The U.S. Supreme Court will hear oral arguments tomorrow in Gill v. Whitford, the partisan gerrymandering case from Wisconsin that could have implications for Texas’s current districts and the way they are drawn in the future. Justice Ruth Bader Ginsburg has described it as one of the most important cases of the Court’s fall term.

Gerrymandering is typically understood as the intentional manipulation of district boundaries on the basis of race to generate a specific racial outcome, often resulting in strangely shaped districts. The Wisconsin case however revolves around the drawing of districts based on partisan election results and patterns to generate a specific partisan outcome. In this case, plaintiffs argue that the Republican-controlled Assembly packed Democratic voters into districts and otherwise cracked blocs of them to ensure a greater Republican advantage than would otherwise occur. The state Assembly drew the districts in 2011. In the 2012 election, Democrats received 51% of the vote statewide yet captured just 39 of the chamber’s 99 seats (39%).

A three-judge federal panel agreed with the plaintiffs last year. They concluded that partisan motivations can play a role in redistricting – It is an inherently political process. – but this Assembly essentially went too far to “lock in” a Republican advantage. The panel concluded that the maps were “intended to burden the representational rights of Democratic voters … by impeding their ability to translate their votes into legislative seats.” This “discriminatory effect is not explained by the political geography of Wisconsin” and thus “constitutes an unconstitutional political gerrymander.”

On appeal, the state argued that the plan tossed out by the judges was very similar to a plan approved by a different federal court in 2002 that led to similar Republican advantages. Agreeing with the plaintiffs would create an “unthinkable and perverse loophole” permitting partisan-based challenges everywhere and likely convert any race-based gerrymandering claim to a partisan-based one.

The last time SCOTUS addressed the issue of partisan gerrymandering was 13 years ago in Vieth v. Jubelirer, a case out of Pennsylvania. At that time, the court, in a 5-4 decision, ruled that no reliable, predictable test of partisan gerrymandering existed, so, therefore, no case purporting it could be effectively decided.

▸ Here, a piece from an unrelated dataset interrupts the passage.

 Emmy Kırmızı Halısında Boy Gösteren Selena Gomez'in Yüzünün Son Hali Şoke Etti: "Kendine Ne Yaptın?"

The claims in Gill v. Whitford revolve around a measure called the “efficiency gap,” which tries to measure the extent to which votes are “wasted” in arriving at a specific partisan outcome. In this context, a vote for the losing party’s candidate is considered wasted – He or she didn’t win. – as is any vote for the winning party’s candidate in excess of the number required to win the race. The party with the greater number of wasted votes is at a disadvantage because its true level of support does not translate into seats, according to the plaintiffs’ theory.

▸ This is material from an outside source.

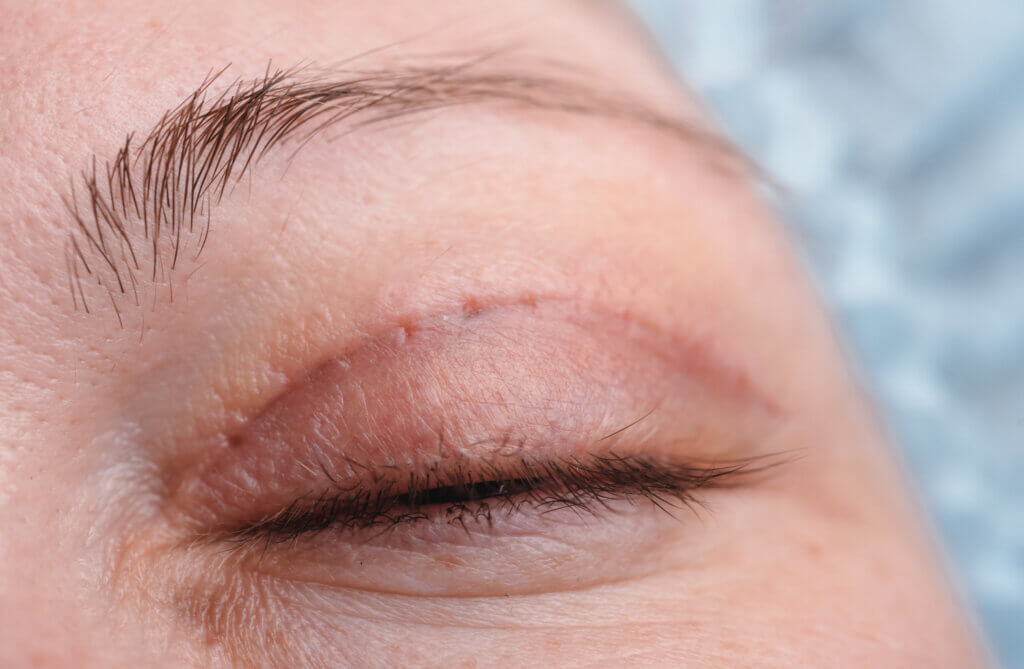 La blefaroplastia es un procedimiento quirúrgico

An effective partisan gerrymander would pack voters supportive of one party into a few districts while spreading out the rest just thinly enough to lose most, if not all, of the remaining districts, according to the plaintiffs’ theory. The state argues that the efficiency gap measure ignores the geographic realities of how voters tend to concentrate themselves along partisan lines.

The efficacy of the efficiency gap measure is only one of several legal issues the Court faces in this case. Others include whether the lower courts misapplied prior precedents, whether individual plaintiffs have standing to challenge the statewide map (or just the district each resides in) and whether the plaintiffs may bring the partisan gerrymandering argument forward at all.

The Court recently stayed a pair of lower court decisions striking down a pair of Texas congressional districts and nine of its state House districts. Even without the presence of ongoing litigation over the state’s current districts, all of the districts will be redrawn in just four years. This case could have profound implications on that process.